I’m looking to automate the process of converting many .CSV files into .DTA files via Python. .DTA files is the filetype that is handled by the Stata Statistics language.
I have not been able to find a way to go about doing this, however.
R language has write(.dta) which allows a dataFrame in R to be converted to a .dta file, and there is a port to the R language from Python via RPy, but I can’t figure out how to use RPy to access the write(.dta) function in R.
You need rpy2 for Python and also the
foreign package installed in R. You do that by starting R and typing
install.packages("foreign"). You can then quit R and go back to Python.
import rpy2.robjects as robjects robjects.r("require(foreign)") robjects.r('x=read.csv("test.csv")') robjects.r('write.dta(x,"test.dta")')
You can construct the string passed to
robjects.r from Python variables if you want, something like:
robjects.r('x=read.csv("%s")' % fileName)

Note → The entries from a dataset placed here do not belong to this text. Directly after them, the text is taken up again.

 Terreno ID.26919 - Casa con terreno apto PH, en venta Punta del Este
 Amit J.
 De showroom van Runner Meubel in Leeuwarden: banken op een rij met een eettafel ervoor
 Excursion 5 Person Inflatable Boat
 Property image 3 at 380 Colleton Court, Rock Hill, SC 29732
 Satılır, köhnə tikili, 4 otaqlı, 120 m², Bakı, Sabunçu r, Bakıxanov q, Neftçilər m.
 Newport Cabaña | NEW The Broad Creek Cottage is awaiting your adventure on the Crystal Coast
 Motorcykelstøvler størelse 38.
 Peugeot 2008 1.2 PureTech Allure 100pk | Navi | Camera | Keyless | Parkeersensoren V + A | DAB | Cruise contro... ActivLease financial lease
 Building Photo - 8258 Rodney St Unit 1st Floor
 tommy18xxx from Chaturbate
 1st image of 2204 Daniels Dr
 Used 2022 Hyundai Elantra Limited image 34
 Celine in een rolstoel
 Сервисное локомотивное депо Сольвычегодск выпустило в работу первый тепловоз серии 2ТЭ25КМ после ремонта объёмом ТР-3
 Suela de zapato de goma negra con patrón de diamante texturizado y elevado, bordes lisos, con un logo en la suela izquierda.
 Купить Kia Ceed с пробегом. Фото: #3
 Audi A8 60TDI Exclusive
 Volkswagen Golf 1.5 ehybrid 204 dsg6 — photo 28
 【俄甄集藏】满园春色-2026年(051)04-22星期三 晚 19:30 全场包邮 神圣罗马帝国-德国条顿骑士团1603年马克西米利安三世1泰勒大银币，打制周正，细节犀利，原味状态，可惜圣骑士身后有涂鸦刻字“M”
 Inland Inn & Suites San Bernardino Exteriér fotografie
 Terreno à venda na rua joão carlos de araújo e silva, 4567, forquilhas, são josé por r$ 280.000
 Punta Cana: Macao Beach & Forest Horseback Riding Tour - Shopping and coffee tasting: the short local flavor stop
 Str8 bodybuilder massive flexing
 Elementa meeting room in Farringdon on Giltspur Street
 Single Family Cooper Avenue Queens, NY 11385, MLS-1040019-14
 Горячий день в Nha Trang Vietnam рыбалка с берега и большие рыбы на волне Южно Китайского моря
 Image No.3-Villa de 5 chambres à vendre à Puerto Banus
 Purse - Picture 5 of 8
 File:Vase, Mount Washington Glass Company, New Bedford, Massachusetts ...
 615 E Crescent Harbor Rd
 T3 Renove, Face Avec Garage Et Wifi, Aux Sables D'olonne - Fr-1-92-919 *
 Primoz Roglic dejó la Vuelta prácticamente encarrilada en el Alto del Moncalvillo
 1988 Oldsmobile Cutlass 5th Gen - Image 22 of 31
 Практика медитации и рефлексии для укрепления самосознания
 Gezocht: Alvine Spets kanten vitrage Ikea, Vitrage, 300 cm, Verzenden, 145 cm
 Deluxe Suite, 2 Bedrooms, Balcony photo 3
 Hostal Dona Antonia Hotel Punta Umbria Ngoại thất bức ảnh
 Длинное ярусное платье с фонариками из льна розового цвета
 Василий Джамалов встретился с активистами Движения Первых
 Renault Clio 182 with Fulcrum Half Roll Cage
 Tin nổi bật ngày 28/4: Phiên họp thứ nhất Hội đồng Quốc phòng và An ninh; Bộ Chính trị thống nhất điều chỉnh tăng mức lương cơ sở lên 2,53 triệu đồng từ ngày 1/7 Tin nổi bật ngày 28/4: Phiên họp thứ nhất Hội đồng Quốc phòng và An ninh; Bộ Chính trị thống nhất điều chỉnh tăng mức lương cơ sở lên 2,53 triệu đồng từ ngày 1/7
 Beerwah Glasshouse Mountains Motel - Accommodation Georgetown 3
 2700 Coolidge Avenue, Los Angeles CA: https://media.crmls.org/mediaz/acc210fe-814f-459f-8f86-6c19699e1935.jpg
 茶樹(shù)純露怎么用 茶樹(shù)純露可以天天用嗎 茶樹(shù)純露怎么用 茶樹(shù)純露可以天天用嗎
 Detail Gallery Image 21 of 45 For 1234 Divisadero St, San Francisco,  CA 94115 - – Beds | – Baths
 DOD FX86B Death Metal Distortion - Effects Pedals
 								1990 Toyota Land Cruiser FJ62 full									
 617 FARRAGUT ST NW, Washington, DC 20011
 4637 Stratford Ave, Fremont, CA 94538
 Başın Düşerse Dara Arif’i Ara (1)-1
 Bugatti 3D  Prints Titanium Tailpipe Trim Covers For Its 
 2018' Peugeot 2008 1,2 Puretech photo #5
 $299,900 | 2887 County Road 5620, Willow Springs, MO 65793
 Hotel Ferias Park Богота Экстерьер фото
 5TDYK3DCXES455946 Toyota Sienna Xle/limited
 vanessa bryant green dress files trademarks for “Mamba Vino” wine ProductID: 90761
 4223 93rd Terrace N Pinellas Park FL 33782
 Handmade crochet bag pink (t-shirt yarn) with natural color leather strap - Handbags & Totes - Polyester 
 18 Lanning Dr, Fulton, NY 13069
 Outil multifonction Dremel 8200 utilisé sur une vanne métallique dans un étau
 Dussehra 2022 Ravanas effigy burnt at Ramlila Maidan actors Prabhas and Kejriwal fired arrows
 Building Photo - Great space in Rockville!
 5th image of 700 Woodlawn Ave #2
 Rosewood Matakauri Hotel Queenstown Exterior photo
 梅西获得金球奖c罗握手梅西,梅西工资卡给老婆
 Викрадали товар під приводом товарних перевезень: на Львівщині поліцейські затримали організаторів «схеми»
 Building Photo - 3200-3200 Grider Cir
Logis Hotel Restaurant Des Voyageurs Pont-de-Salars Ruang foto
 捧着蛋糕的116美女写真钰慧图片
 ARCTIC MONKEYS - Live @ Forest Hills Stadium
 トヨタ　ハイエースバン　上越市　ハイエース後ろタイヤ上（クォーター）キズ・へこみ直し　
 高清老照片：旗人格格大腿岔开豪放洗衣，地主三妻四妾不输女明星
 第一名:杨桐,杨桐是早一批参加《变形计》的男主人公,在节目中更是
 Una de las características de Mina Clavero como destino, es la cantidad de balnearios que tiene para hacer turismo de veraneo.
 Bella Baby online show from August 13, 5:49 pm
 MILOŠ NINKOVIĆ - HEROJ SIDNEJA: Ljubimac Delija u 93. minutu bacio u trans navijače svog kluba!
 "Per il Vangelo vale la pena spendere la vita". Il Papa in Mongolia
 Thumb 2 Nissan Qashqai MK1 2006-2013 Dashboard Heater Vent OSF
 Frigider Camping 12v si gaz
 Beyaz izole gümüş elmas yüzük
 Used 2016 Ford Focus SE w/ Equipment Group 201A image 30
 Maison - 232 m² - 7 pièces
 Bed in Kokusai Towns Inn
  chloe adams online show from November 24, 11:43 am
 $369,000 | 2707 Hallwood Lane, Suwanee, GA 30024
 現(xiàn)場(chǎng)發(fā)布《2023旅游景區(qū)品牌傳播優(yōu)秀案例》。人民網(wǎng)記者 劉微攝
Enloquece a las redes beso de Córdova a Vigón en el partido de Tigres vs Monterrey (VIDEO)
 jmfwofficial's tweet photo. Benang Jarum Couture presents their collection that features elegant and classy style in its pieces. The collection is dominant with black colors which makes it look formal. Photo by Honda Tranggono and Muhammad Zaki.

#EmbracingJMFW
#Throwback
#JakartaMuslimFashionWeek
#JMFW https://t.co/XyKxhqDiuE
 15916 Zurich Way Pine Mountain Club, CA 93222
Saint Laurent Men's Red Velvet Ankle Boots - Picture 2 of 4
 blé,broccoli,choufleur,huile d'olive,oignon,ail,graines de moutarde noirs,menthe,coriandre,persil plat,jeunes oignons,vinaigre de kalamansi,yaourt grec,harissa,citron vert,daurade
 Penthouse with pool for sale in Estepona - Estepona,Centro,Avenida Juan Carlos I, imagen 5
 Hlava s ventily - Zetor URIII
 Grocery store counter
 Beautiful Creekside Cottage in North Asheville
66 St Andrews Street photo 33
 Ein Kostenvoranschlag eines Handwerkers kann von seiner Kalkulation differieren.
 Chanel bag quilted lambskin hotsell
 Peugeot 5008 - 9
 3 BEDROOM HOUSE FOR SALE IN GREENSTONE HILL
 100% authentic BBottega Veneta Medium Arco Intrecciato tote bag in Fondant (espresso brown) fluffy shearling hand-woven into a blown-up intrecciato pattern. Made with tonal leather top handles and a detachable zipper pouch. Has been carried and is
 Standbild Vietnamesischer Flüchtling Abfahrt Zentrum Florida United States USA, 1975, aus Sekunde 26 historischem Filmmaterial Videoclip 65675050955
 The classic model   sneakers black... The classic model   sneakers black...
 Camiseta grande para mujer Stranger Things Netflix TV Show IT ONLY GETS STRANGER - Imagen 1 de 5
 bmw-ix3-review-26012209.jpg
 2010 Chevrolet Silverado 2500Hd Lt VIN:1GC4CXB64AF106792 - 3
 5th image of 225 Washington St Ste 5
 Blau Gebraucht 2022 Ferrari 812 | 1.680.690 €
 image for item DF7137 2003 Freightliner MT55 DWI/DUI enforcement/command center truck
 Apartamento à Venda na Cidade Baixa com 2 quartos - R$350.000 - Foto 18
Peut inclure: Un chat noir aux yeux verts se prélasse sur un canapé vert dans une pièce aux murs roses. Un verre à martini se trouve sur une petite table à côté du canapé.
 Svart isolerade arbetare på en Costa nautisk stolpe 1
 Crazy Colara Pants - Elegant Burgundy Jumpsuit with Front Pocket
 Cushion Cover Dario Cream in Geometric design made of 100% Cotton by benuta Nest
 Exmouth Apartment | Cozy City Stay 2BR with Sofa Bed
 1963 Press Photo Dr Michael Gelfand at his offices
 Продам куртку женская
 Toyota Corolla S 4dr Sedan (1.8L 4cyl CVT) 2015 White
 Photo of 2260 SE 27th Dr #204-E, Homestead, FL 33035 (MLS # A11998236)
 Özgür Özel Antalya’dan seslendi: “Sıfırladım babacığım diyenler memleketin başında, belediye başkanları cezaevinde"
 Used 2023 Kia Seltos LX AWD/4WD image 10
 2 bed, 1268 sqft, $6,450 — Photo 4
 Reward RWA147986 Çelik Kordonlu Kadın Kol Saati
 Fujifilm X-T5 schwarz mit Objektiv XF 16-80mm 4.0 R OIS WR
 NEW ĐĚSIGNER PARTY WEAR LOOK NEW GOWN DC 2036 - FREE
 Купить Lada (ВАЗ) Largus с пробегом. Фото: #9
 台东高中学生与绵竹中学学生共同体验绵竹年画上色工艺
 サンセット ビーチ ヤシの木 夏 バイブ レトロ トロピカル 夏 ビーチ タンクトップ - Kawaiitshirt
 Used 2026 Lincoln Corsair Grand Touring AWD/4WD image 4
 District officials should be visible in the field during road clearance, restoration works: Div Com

(copypasting from my answer to a previous question)
pandas DataFrame objects now have a “to_stata” method. So you can do for instance
import pandas as pd df = pd.read_stata('my_data_in.dta') df.to_stata('my_data_out.dta')
DISCLAIMER: the first step is quite slow (in my test, around 1 minute for reading a 51 MB dta – also see this question), and the second produces a file which can be way larger than the original one (in my test, the size goes from 51 MB to 111MB). Spacedman’s answer may look less elegant, but it is probably more efficient.